2011 Annual Report
1a.Objectives (from AD-416)
To develop and validate a universal plant virus microarray for detection and differentiation of plant viruses. To demonstrate the ability of an oligonucleotide microarray to detect and differentiate plant viruses from random amplification of plant total nucleic acid extracts.
1b.Approach (from AD-416)
ARS will acquire the lists of viral taxa to be represented on the viral detection microarray, and virus-infected samples from which to amplify nucleic acids to validate the microarray. This information and material will be utilized by both ARS and the Cooperator to jointly develop and validate the microarray for detection of target viruses, and to make validation results available to collaborators via a web server. The COOPERATOR will perform analysis of viral sequences to identify suitable sequences for the development of oligonucleotides, provide the facilities for production of the microarrays based on the selected oligonucleotides,and participate in analysis of microarray hybridization results to determine with a high degree of confidence which viruses were present in validation samples.

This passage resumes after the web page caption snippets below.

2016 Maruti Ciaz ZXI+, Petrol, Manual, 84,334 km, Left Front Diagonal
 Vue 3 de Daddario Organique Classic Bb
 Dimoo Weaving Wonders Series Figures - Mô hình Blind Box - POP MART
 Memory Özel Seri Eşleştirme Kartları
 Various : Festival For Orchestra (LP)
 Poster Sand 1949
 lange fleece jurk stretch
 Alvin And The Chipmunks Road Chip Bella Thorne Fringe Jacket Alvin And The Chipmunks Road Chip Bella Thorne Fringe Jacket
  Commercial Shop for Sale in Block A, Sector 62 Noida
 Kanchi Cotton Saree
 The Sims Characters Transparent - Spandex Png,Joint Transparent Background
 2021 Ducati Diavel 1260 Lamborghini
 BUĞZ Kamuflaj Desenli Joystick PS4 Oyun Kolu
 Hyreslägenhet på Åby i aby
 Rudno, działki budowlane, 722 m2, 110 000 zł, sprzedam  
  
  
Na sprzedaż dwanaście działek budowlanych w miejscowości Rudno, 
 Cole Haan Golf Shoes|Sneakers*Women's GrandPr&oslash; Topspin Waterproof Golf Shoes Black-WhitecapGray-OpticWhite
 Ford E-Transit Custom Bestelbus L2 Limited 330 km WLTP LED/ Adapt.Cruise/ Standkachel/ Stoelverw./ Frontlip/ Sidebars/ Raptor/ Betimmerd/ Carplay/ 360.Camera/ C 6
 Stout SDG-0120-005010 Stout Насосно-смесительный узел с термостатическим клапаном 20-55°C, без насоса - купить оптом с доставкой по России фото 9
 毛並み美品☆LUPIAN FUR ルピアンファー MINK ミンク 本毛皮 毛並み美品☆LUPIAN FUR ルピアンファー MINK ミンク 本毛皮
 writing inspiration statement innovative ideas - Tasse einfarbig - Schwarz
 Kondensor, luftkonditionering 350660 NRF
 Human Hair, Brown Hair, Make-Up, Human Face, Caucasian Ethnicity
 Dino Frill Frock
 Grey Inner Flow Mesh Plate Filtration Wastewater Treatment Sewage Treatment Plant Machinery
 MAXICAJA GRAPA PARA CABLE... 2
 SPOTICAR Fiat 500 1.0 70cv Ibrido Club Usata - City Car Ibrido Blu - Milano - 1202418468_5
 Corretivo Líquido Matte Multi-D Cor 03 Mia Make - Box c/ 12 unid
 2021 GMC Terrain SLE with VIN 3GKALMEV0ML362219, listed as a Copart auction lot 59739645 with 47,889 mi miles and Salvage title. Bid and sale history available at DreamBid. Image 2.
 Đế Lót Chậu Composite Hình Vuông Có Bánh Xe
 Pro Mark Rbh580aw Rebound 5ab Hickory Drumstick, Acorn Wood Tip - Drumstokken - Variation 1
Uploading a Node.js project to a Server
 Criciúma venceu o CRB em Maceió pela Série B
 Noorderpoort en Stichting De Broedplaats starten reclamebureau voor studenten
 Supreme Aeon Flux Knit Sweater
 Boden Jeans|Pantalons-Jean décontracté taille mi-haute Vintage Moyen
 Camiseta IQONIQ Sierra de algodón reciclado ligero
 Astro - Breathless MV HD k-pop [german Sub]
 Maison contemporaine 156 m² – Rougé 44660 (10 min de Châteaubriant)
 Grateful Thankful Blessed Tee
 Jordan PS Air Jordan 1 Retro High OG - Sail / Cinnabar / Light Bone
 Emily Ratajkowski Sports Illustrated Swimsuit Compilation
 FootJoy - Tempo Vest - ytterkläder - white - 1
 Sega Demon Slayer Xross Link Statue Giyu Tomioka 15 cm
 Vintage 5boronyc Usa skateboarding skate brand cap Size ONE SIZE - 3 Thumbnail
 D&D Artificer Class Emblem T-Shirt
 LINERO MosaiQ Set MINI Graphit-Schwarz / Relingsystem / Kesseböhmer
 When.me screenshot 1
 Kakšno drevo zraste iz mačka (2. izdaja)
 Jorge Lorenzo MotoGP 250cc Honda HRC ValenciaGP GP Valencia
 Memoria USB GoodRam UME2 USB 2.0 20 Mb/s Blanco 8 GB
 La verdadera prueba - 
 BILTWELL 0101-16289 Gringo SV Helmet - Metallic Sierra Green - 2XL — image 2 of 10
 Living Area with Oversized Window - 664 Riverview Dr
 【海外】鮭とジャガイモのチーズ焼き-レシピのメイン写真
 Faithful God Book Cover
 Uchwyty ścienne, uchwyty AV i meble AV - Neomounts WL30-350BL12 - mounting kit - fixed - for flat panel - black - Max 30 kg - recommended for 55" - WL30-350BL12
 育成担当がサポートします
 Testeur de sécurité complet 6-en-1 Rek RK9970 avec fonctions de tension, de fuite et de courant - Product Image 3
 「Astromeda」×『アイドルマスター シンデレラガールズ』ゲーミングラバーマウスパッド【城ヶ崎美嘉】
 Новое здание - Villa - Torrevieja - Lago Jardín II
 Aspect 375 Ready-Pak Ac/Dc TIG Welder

Prior development and validation of a demo/prototype DNA microarray platform (the MiniPlantViroChip) has been followed by the development of a complete version of the Universal Plant Virus Microarray (UPVM). The full UPVM has been tested with 22 plant virus samples from infected plant extracts. We have successfully utilized a predictive computational algorithm (developed by a University of Utah collaborating scientist) to analyze and interpret the UPVM hybridization data. Fifteen of 22 viruses were successfully detected and correctly identified without amplification of the samples. The viruses successfully detected include several members of the Geminiviridae (ssDNA genomes), and members of the Potyviridae, Alphaflexiviridae, Betaflexiviridae, Bromoviridae, and Virgaviridae (all positive-sense ssRNA genomes), as well as Tomato spotted wilt virus (Tospovirus, Bunyaviridae, ambisense RNA genome). Other samples of geminiviruses, potyviruses, and one tobamovirus were not detected, possibly due to low titer. Additional samples from various healthy host plants confirmed the utility of the control host plant probes and absence of significant non-specific host reactions to virus-specific probes. Validation with other viruses, satellites and viroids and the assembly of an in-house microarray printing robot are in progress. The UPVM should provide an economical tool to screen any biological material for any known viruses, or unknown virus related to the known viruses, without requiring prior knowledge of the virus(es) present, and in a relatively short time (i.e., 2-3 days). However, the challenges include extraction of good quality nucleic acid from the host plants, and detection of the viruses with low titer infection. We have shared with our collaborators the aliquots of the 9600 oligonucleotides, fabricated UPVM slides and protocols and other reagents. We are contributing and participating in development of a training workshop for stakeholders, to be held in November 2011, involving all of the UPVM collaborators and stakeholders.
Communications to monitor progress were carried out by e-mail and either individual or conference calls between the various partners, by a meeting during the Annual meeting of the American Phytopathological Society, and by written and oral reports to the NRI Plant Biosecurity Program.